【明報專訊】THE Sino‑US trade war is becoming increasingly fierce, with the US increasing tariffs on Chinese goods and China announcing countermeasures and vowing to "fight to the end". As China has set courtesy aside and ratcheted up its rhetoric against the US, talks sprinkled with fights may become the "new norm". Diplomatic talks are volatile. Caution is needed to sort out the facts and guard against misleading superficial observations. The fact that the Sino‑US talks have reached a deadlock at the crucial moment shows Washington wants more than a reduced trade deficit. It is also aiming to restrain China's development, and under no circumstances will Beijing back down. The rise of China means there will be changes to the two‑century‑old world order dominated by the west. But it does not mean a "clash of civilisations" is inevitable. Rather, the problem lies in Washington's increasing tendency to view China's revival from the perspective of the clash of civilisations and even the racist angle of white supremacy. Such narrow‑mindedness will only drive the whole world towards an extremely dangerous situation.

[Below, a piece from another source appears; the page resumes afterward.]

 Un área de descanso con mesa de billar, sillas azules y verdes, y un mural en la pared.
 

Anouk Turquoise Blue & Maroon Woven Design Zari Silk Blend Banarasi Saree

The eleventh round of Sino‑US trade negotiations last week failed to produce any results. The silver lining was that it did not end in a breakdown. But it remains unknown when the talks will restart and one cannot rule out the possibility that we may have to wait until the "Xi‑Trump meeting" at the G20 Summit next month for a turning point. In response to increased tariffs by the US to 25% on US$200 billion worth of Chinese goods, China imposed new tariffs of 10% to 25% on US$60 billion worth of US goods. China's state broadcaster CCTV released a hard‑line commentary emphasising that China is well prepared to fight. "Talk, the doors are open. Fight, we will persist to the end."
Trump and his administration have kept signalling that China "reneged on its promises". At the same time, Beijing emphasises that it has been "forced to promise" a lot, implying that the US's demands are insatiable — give it an inch and it will take a mile. After cross‑checking both sides' claims with reports by international media over the days, it is not hard to see the problem is that Washington wants to, by virtue of the text of the deal and the terms of the enforcement arrangement, bring China to its knees and force it to sign a humiliating treaty.

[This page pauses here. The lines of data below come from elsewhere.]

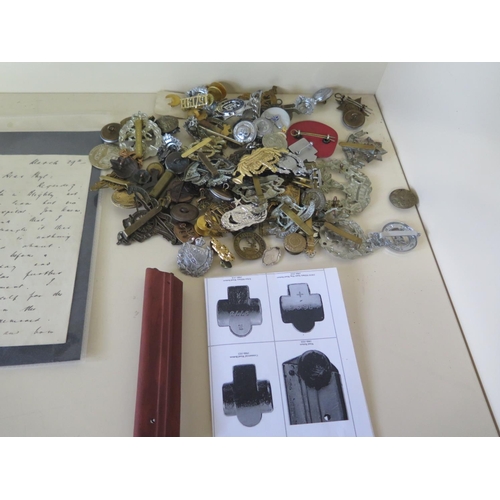 508 - A quantity of Military uniform buttons, cap badges and associated items including postcards, photogr... 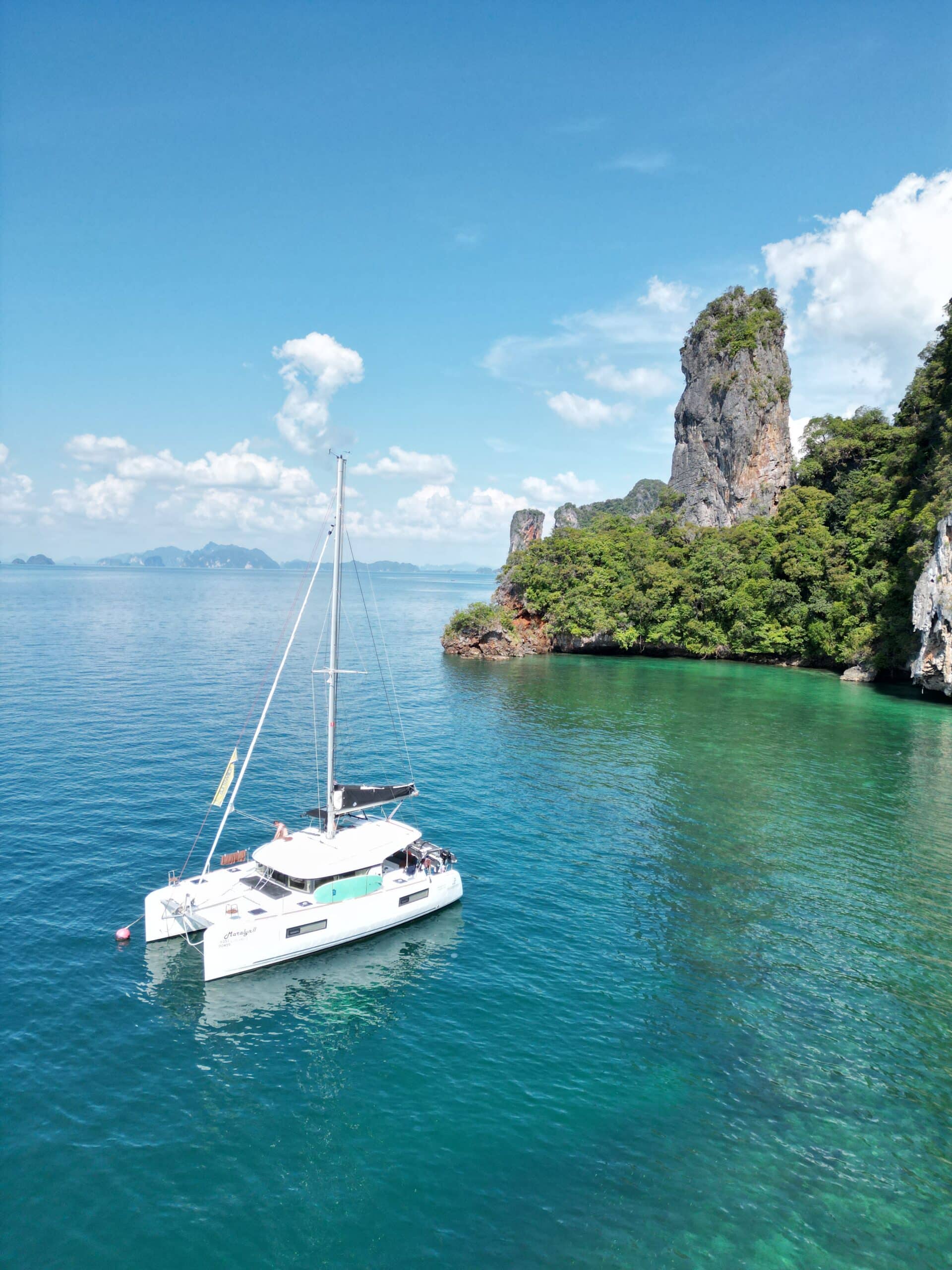 Ein weißer Katamaran segelt auf klarem, türkisfarbenem Wasser in der Nähe einer üppigen, grünen Insel mit hoch aufragenden Felsformationen unter einem strahlend blauen Himmel. Diese Segelreise Griechenland bietet eine heitere, malerische Umgebung mit ruhigem Meer und malerischer Kulisse.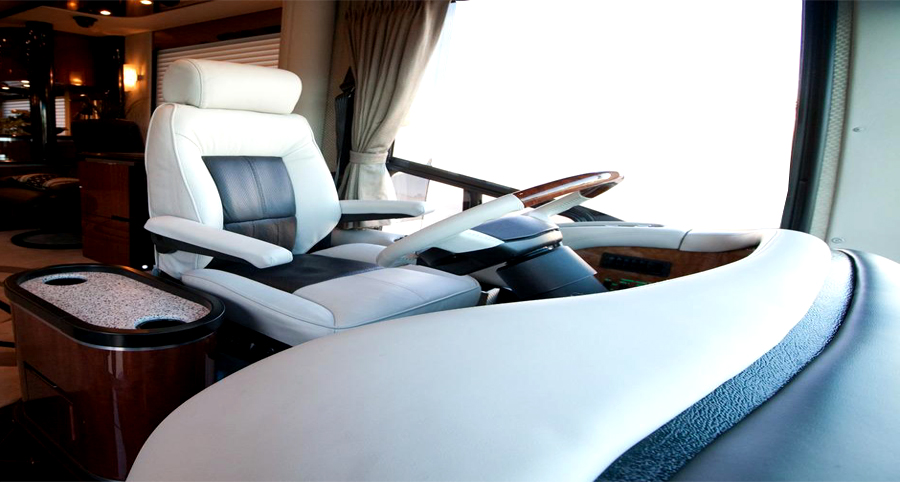 Motorhome driver's seat reupholstered in white and grey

A report by Reuters said the US accused China of altering the text of the draft deal dramatically, deleting "pledges" that it will handle issues concerning technology transfer, intellectual property and so forth by way of legislation. However, if such terms were written into the draft by the US unilaterally, of course China had the right to demand their deletion. Regarding the arrangement of enforcing the trade deal, US trade representative Robert Lighthizer demanded a penalty mechanism similar to that against North Korea so as to review China's progress on making good its pledges, which is not the way "a typical trade deal" works. That demand is obviously a departure from the principle of equality and mutual respect. It reveals a hegemonic mentality of "I am entitled to punish you".
Kiron Skinner, Director of Policy Planning at the US Department of State, recently described the Sino‑US conflict as "a fight with a really different civilisation". She also said, by comparison, Russia is after all a member of the Western world. So the cold war between the US and the Soviet Union was only a fight within the family. The most provocative part of her remarks is not the observation that China and the west are from different civilisation systems, but that China is "the first great power competitor that is not Caucasian". That comment has in effect gone beyond the "clash of civilisations" thesis and turned the entire struggle into a rivalry between races. The racist overtones revealed remind one of the white supremacy theory that prevailed during the era of western colonialism in the 19th century and referred to coloured peoples disparagingly as "uncivilised, inferior races".
明報社評 2019.05.15﹕中美貿戰邊打邊談 白人至上態度堪憂
renege (on sth)﹕to break a promise, an agreement, etc.
insatiable﹕always wanting more of sth; not able to be satisfied
hegemonic﹕showing control by one country, organisation, etc. over other countries, etc.